Since the total mass of the GeneralIsothermal profile is undefined when $\alpha \geq 3$, we define the the potential Φ to be 0 at rs for all instances of GeneralIsothermal.

The following methods are specialized on this type:

• ρ, invρ, ∇ρ, Σ, ∇Σ, invΣ, M, ∇M, invM, Mproj, ∇Mproj, invMproj, Vcirc, Vesc, Φ, ∇Φ, ∇∇Φ

See also

• SIS

NFW(ρ0::Real, rs::Real)
NFW(ρ0::Unitful.Density, rs::Unitful.Length)

Type describing the Navarro-Frenk-White 1996 (NFW) density profile with scale radius rs and characteristic density ρ0. The density profile is

\[\rho(r) = \frac{\rho_0}{(r/R_s) \, (1+r/R_s)^2}\]
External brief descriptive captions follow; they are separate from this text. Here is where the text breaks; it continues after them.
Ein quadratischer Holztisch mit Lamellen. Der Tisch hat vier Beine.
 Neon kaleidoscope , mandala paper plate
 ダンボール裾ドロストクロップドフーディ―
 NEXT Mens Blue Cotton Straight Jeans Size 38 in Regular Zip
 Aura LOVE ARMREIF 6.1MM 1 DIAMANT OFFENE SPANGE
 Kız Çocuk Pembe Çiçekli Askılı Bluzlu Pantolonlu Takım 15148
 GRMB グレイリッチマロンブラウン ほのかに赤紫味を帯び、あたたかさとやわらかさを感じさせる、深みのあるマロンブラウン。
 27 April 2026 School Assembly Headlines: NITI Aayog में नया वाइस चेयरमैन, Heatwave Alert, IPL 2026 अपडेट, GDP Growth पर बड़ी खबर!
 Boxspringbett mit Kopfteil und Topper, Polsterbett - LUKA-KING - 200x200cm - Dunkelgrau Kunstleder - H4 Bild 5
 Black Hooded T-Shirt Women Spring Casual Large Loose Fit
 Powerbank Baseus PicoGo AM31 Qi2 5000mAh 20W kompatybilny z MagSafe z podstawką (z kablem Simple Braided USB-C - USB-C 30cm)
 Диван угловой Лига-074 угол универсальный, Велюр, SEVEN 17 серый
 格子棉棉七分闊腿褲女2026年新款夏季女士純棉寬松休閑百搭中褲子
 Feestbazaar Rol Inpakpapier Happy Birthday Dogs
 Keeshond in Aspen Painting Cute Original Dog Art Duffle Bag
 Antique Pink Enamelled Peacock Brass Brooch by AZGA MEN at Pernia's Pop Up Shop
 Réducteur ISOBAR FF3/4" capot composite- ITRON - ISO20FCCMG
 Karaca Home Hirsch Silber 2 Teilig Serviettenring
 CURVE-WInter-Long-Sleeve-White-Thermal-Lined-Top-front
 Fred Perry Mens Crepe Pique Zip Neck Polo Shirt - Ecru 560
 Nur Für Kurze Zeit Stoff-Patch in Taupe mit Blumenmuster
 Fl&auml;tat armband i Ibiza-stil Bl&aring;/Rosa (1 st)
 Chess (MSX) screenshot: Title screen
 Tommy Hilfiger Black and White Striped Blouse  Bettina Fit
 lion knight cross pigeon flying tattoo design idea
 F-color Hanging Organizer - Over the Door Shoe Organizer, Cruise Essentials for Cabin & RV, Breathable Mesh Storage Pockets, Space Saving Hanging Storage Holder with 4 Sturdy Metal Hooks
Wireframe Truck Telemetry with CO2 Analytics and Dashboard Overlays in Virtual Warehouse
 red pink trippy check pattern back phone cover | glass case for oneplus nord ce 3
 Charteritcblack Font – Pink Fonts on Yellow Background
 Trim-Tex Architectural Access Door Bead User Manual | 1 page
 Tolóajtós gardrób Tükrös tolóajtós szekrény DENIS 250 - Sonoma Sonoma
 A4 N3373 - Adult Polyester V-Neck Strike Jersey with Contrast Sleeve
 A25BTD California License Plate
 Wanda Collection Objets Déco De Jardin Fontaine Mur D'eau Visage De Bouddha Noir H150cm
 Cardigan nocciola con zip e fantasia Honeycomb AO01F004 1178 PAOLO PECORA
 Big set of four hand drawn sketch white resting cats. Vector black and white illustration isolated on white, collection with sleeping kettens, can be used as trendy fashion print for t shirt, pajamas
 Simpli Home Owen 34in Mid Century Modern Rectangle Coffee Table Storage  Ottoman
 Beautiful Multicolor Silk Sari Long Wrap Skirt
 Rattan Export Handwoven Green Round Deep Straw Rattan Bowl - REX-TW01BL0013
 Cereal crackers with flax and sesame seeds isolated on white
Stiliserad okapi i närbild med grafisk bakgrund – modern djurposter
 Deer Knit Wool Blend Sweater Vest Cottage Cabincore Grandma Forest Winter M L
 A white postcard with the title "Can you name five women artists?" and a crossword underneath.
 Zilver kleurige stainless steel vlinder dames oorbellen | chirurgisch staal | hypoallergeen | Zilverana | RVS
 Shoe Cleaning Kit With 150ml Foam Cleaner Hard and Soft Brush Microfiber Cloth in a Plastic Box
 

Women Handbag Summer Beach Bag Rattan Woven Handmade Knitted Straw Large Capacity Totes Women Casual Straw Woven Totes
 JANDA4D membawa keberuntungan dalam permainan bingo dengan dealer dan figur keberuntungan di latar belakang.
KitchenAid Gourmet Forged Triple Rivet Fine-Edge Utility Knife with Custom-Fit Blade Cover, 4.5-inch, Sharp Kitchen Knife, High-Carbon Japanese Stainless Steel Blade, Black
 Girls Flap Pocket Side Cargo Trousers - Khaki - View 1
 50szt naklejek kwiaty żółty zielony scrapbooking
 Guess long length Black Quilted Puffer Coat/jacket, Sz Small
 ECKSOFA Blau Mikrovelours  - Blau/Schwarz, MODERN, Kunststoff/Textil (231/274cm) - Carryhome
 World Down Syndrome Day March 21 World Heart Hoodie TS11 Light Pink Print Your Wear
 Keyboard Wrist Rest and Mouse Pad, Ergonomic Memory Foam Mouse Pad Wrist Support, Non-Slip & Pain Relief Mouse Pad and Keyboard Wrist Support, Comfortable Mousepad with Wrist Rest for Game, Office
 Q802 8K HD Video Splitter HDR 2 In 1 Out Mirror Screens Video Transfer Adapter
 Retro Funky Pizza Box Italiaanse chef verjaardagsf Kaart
The fields of NFW are ρ0, rs. The default units of NFW are [ρ0] = [Msun/kpc^3], [r, rs] = [kpc], [M] = [Msun]. This is important for quantities like Vcirc, Vesc, Φ, ∇Φ, and ∇∇Φ which involve the gravitational constant G; these will give incorrect results if the fields of NFW or the provided r are in different units.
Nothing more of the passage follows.